So what is this? The boxes show the 25th and 75th percentiles of the data, and the red line is the median (which is the middle value—not the average—in the data). The “whiskers” extend to the extremes of the statistically significant data, and the red “+” symbols are the outliers (which figure into the median and average but are statistically outside the normal distribution). I’ve added a couple of extras to the regular box plot; the first is a red-and-green dashed line that shows the average of all readings, while the curve with the “x” markers shows the average of each bin.
What does this say to me? Most of the medians are below the daily average, which means that most of the time my BG is pretty good, but I have a lot of “outlier” highs that I should work on. Also, the time right around lunch is the low time of my day, while the late afternoon (from about 3:00-6:00PM) tends to be my highest.

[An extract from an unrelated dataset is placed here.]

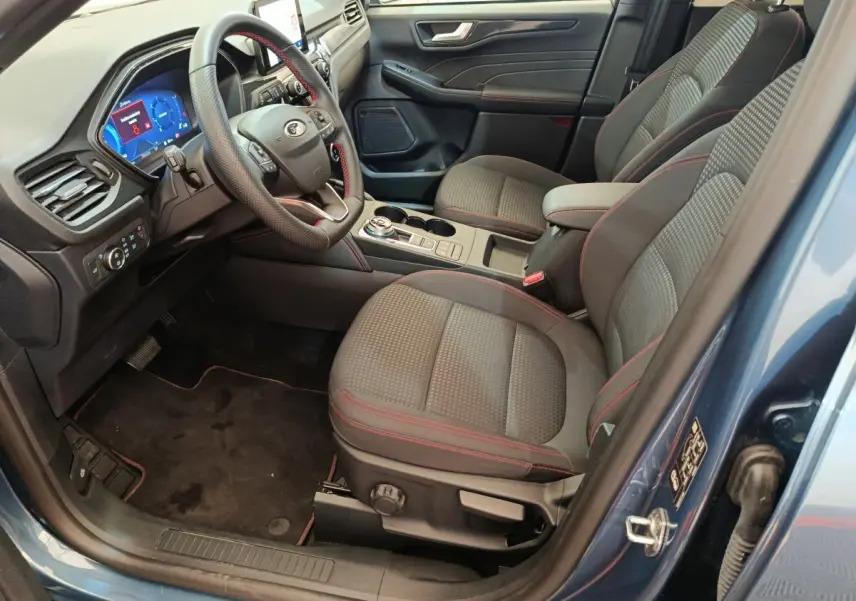 Vue intérieure côté conducteur du Ford Kuga bleu 2024, avec sièges tissu gris à surpiqûres rouges et tableau de bord digital.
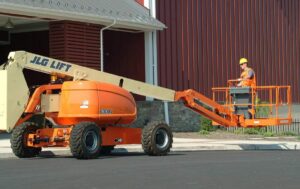 60ft Articulating Boom Lift operated by a worker performing high-reach inspection and maintenance tasks beside an industrial building.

I seem to be most consistent—statistically speaking—in the evenings.
What next? While I was walking off a hypo during today’s long run, I started thinking about how to extract “interesting” things from the data I’ve aggregated. I need to figure out how to programmatically request to “show me all of the data five hours before a long run in the afternoon” or “show me what happened on days that I exercised after bolusing two to three hours before starting.” I can think of “good” ways that are quite complicated, but I need to consider whether there’s a way to do some natural-language processing so that I can actually write something “human” instead of forcing people/myself to chain lots of conditionals and requests together. (Of course, the complicated way might be the first step.)
Figuring that out is going to take a while. In the meantime, I need to get to work on adding the currently unrecorded data to the mix and figuring out how to display just a day-or-so of data.